De Tom DiCillo (ÉU, 1h30) documentaire


En réalisant The Doors, Oliver Stone avait réalisé une OPA sur l'image du groupe et de son chanteur Jim Morrison, brassant clichés, légende et reconstitution dans un grand bazar figuratif. Le documentaire de Tom DiCillo, en revenant à la réalité des archives concernant le groupe, fait figure de rectificatif à ce biopic lourdaud. L'ascétisme du film, souligné par la voix blanche de Johnny Depp lisant le commentaire, permet de reprendre point par point les grands moments d'un groupe météore, né presque par accident de la rencontre entre deux étudiants en cinéma californiens, propulsé très vite en haut des charts, rattrapé par l'attitude scandaleuse du chanteur, envoyé dans le décor par ses pulsions autodestructrices.

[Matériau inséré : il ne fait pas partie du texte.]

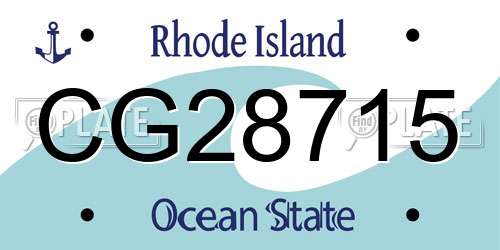 CG28715 Rhode Island License Plate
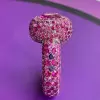 Fuchsia and Pink Sapphire Allover Paved Ring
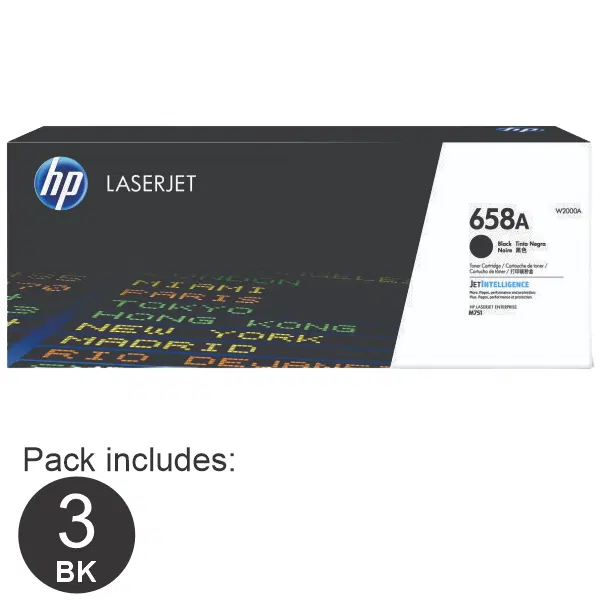 3 x HP #658A Black Toner Cartridge W2000A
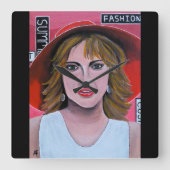 アルフレッド・フォックスによるマネキンの絵画 スクエア壁時計 (正面)
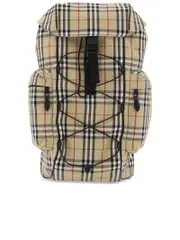 Burberry Murray backpack in technical canvas with Check pattern and leather trim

When you're strange étonne donc par sa neutralité, qui vire souvent à l'absence complète de point de vue, balayant la musique des Doors comme un grand juke-box sans jamais s'arrêter ni sur le sens, ni sur la valeur de l'œuvre. Il y a pourtant une piste passionnante dans le film : les rushs d'une fiction expérimentale tournée par Paul Ferrara, un camarade de fac de Morrison, où le chanteur y devient le héros d'un road movie psychédélique. DiCillo empoigne cette matière comme si Morrison y jouait son propre rôle, et pousse le bouchon jusqu'à lui faire entendre à la radio sa propre mort ! Ce mensonge cinématographique dit peut-être la vérité profonde de Morrison : un homme partagé intimement entre son statut d'icône et un profond mal-être existentiel.